The Full Face Ballot "Requirement" Rears Its Ugly Head Again?

On Monday night, the New York City Charter Revision Commission heard public testimony before it voted to place two proposals on November’s ballot. The final 2010 ballot questions are available here.

One element of the Commission’s decision that sparked considerable discontent was the way in which the Commission lumped the proposed changes into just two ballot questions. Several private citizens who testified earlier in the evening urged the Commission to separate the issues; critics said the format would confuse voters, discourage participation, restrict voters’ options, and possibly result in an inaccurate reflection of public intent. The Commission indicated, however, that the bundling of questions was an unavoidable result of the city’s new electronic voting machines. A Wall Street Journal article quotes Commissioner Hope Cohen expressing her belief that “It's unfortunate” so many issues are being bundled together because, “When you get 10 different subjects bundled together, there is a good possibility that you will like various items and not like various items.”

Why are the new voting machines forcing the city to bundle so many issues into just two questions? No one in the press accounts we’ve read has said, but we think we know – it probably has less to do with the new machines, than requirements the State Board put in place for the machines: New York’s “full face ballot requirement,” requires that all contests and questions be placed on a single page. The result is that – unlike with lever machines, which had room for many questions – the Charter Revision Commission must come up with questions that won’t run over to a second page. Breaking up the issues into many questions may make it impossible to meet this requirement.

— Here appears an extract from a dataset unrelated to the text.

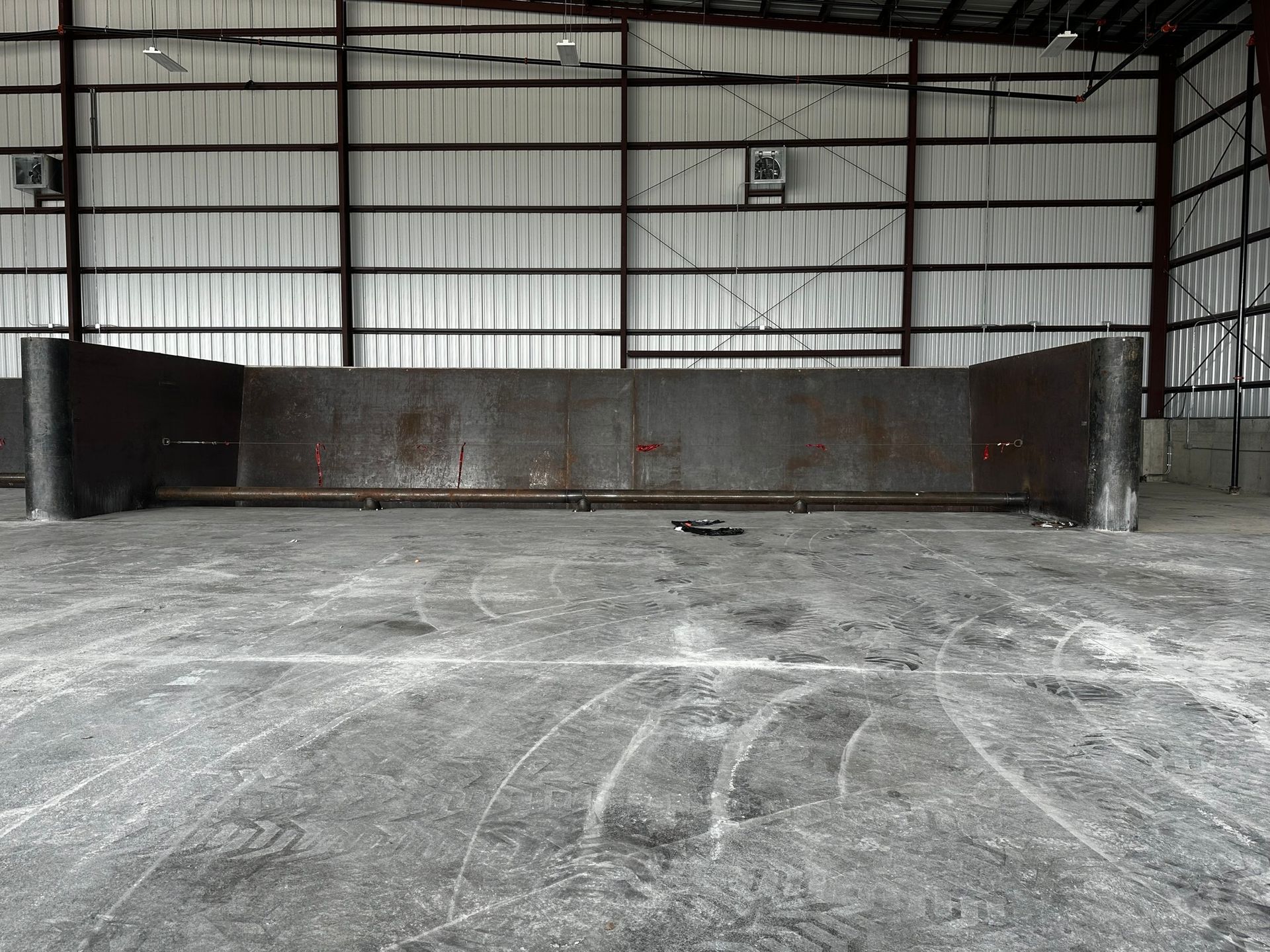 Empty metal building with a large, rusted metal structure in the center; gray floor.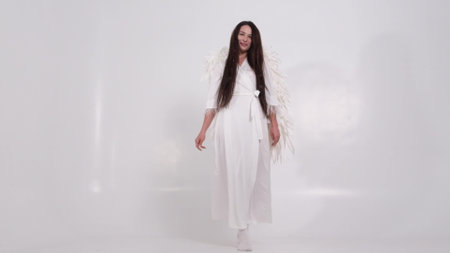 Beautiful woman in the image of an angel with long straight hair circling on a white backgroundの写真素材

We have previously blogged about the requirements of New York’s so-called full-face ballot law, as well as the pitfalls of full-face ballots. In 2005 the Brennan Center analyzed the applicable provisions of New York State election law and provided a legal memorandum urging the State Board of Elections to revise its interpretation of the provision and thereby allow New York State to purchase machines with more flexibility, which would allow for better ballot design and more usable ballots.